CIL (Community Infrastructure Levy) - Introductions

At Alderley Property Group this is one of our most common asked questions for clients looking to create new build properties!

CIL or Community Infrastructure Levy can be confusing for clients especially with what can feel like endless forms to fill out, not to mention what the eligibility is and how you can prove exemption!

At Alderley Property Group we aim to explain this tax in plain English!

Starting with the basics...

So what is CILs?

CILs is a Community Infrastructure Levy that was introduced by the local authorities to support local infrastructure projects, roads, public transport, schools and other vital services. Essentially a tax on people looking to move and live in particular area (paid for by the developer).

It is important to note that if developer hasn't paid the charge the balance will be default due by the land owners.

This tax is calculated based upon a certain geographical area and the size of the floor space within the property. For example in certain scenarios CILs rates have been lower in Towns than in Villages.


Before purchasing a site it is important to check what the CILs rate would be in that area as it varies from county to county to even villages and towns!

At ICI Architecture Studio we have had clients see a difference in rate of over 50% from a distance of 2mins driveaway!

What kind of projects are liable for CIL?

- Any new dwellings or super homes could be liable for CILs tax.

- Any residential extensions comprising of 100sqm of additional floorspace.

How do Local Authorities calculate CILs tax?

As mentioned earlier each location and local authority have different rates which are subject to changes. These are calculated on the net floorspace of a proposed development.

In cases where a property is being demolished the area being demolished can be deducted from the area liable for CILs.

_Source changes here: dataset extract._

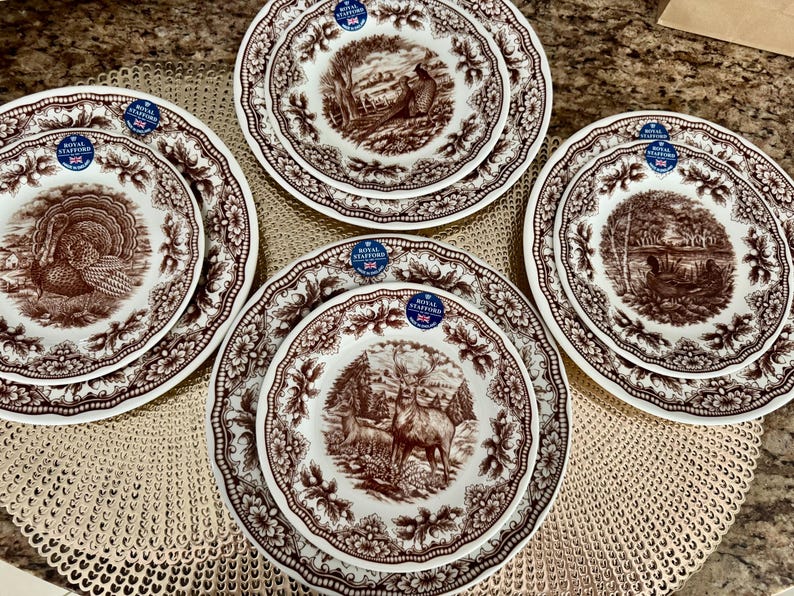 Op de afbeelding: Een set van vier Royal Stafford keramische borden met bruine transferware wildillustraties van een kalkoen, een fazant, een hert en een vogel. Elk bord heeft een geschulpte rand met een bloemmotief en een blauwe sticker.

This tax is typically reviewed annually by LA and is outside the scope of VAT.

How is CILs tax paid?

Like any Tax bill due it is important that you make allowances for CILs tax to be paid in full when budgeting for a project as it is up to you to prove exemption.

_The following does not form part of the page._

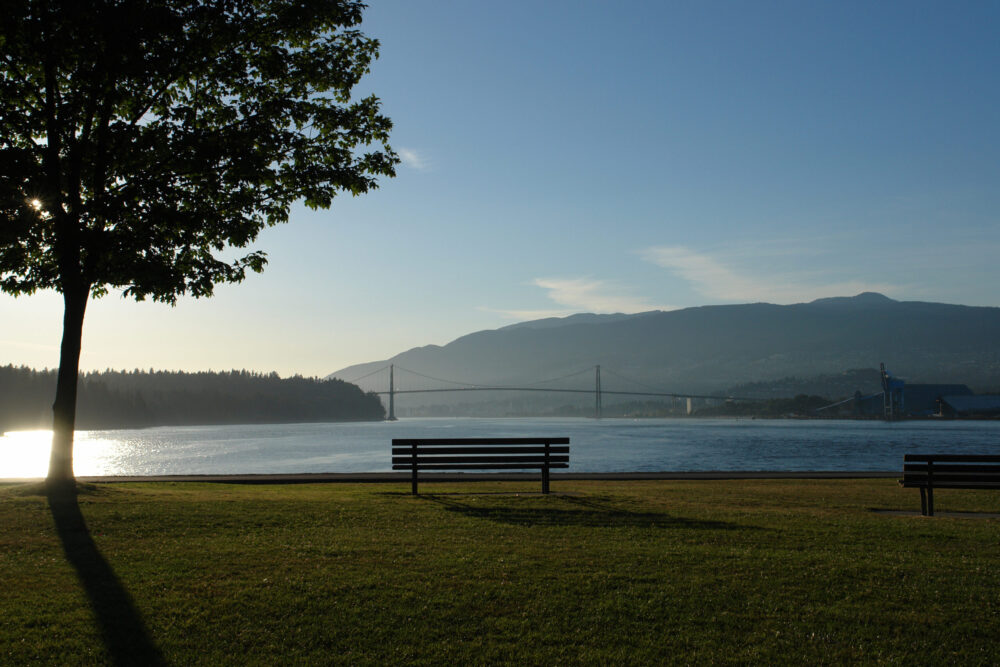Bench overlooking the water and mountains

Payment is due within 60 days of a development starting. It is important that you notify the Local Authority in advance of the start date so they inform you as to when payment must be made.

If you fail to submit the required paperwork and notify them on time they will apply a surcharge (20% of the chargeable amount as an additional surcharge or £2,500 whichever is lower) and the full payment would be due immediately.

Am I eligible for exemption?

In all instances it is best to get in touch with your local council to discuss if your proposed development is liable for CILs or exemption.

There are areas where relief can be applied such as projects for charities, social housing and in some exceptional circumstances.

Other exemptions include self building such as the whole house, residential annex, extension or minor development.

What happens if you don't pay?

CIL payments are mandatory and non-negotiable. If you don't pay CIL or issue the forms on time. You will be subject to a penalty by the local authority this can include additional surcharges, payment instalment options withdrawn, including issuing stop notices and even Prison terms in exceptional cases.